The Victor Wooten Band and the Jimmy Herring Band wrapped up a three-week tour by detonating a titanic instrumental blast at The Egg on Sunday: an enormous sound that reached to the bottom, the skies and everywhere in between. Both bassist Wooten and guitarist Herring are musical chameleons, in the best possible way: They play with many bands, always managing both to fit in and to contribute their own personalities as well as their talents. On Sunday at The Egg, they played from deep within themselves, with super simpatico support.
Wooten’s highest profile gig with Bela Fleck & the Flecktones made him a star, but he collaborates on record in all directions, with both jazz players and rockers and tours with his brothers and with the band that bears his name. While Herring plays in Widespread Panic and boasts a résumé studded with star-time credits — the Aquarium Rescue Unit, Jazz Is Dead, the Allman Brothers Band, various reincarnations of the Grateful Dead and more — he only recently started recording and touring under his own name.
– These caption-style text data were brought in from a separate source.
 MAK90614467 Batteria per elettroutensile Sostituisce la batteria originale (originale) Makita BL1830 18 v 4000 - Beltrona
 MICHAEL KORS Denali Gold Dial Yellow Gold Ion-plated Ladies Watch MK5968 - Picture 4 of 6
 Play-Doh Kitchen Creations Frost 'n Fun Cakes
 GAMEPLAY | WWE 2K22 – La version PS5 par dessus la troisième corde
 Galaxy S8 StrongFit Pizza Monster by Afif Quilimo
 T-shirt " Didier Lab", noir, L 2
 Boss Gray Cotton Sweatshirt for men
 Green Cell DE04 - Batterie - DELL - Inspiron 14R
Herring’s quartet hit first, uncorking swampy funk like the Dixie Dregs playing way after hours in “Rainbow,” then the big ballad “Miss Poopie,” then a truck-driving groove with Wooten guesting in a big way in “Aberdeen.” “Kaleidoscope Carousel” echoed Pink Floyd dreamscapes, then fatback funk. Then, the British Invasion: Led Zeppelin’s “Since I’ve Been Loving You” (with three drummers) and the Beatles’ “A Day in the Life” and “Within You, Without You” (sandwiched around a calypso strut. Herring looked like Duane Allman might, if he’d lived; but I doubt Allman would have played with more exquisite control of tones and phrasing.
A flat-picking note bender with sweet command of melody, a happy player who enjoyed his band — drummer Jeff Sipe, bassist Neal Fountain and keyboardist Matt Slocum — Herring took each tune from the simple to the spectacular, including those built on busy beats and odd chords. “Within You, Without You,” for example, built from a stately start to a playfully brisk, bold exploration.
Wooten’s band stretched their sound by doubling instruments: Bassists Anthony Wellington, Steve Bailey and Dave Welsch also played keyboards and horns while Wooten played guitar and cello in addition to supernatural bass. Drummers Derrico Watson and Kelly Gravely laid it down thick but supple. Herring launched jams from British Invasion hits, but Wooten sprang from Motown to the stratosphere, often on the wings of Krystal Peterson’s tremendous voice. Fearless as she was skilled (like everybody else on the show), she tackled Aretha’s “The House that Jack Built,” Rufus’ “Tell Me Somethin’ Good,” the Jackson Five’s “I Want You Back,” Stevie Wonder’s “Superstition” and “Overjoyed” — always impressively. It was soul, it was jazz, it was funky and fantastic.
Wooten delivered bass blasts deluxe, soloing to close the set but bringing Herring out to duet, beautifully. The encore was a mob scene, both bands and some crew rocking “I’m Gonna Miss You” and meaning it. They didn’t want to let the song go. The crowd, nearly full, and in these great players’ pockets from the start, hated to see them go.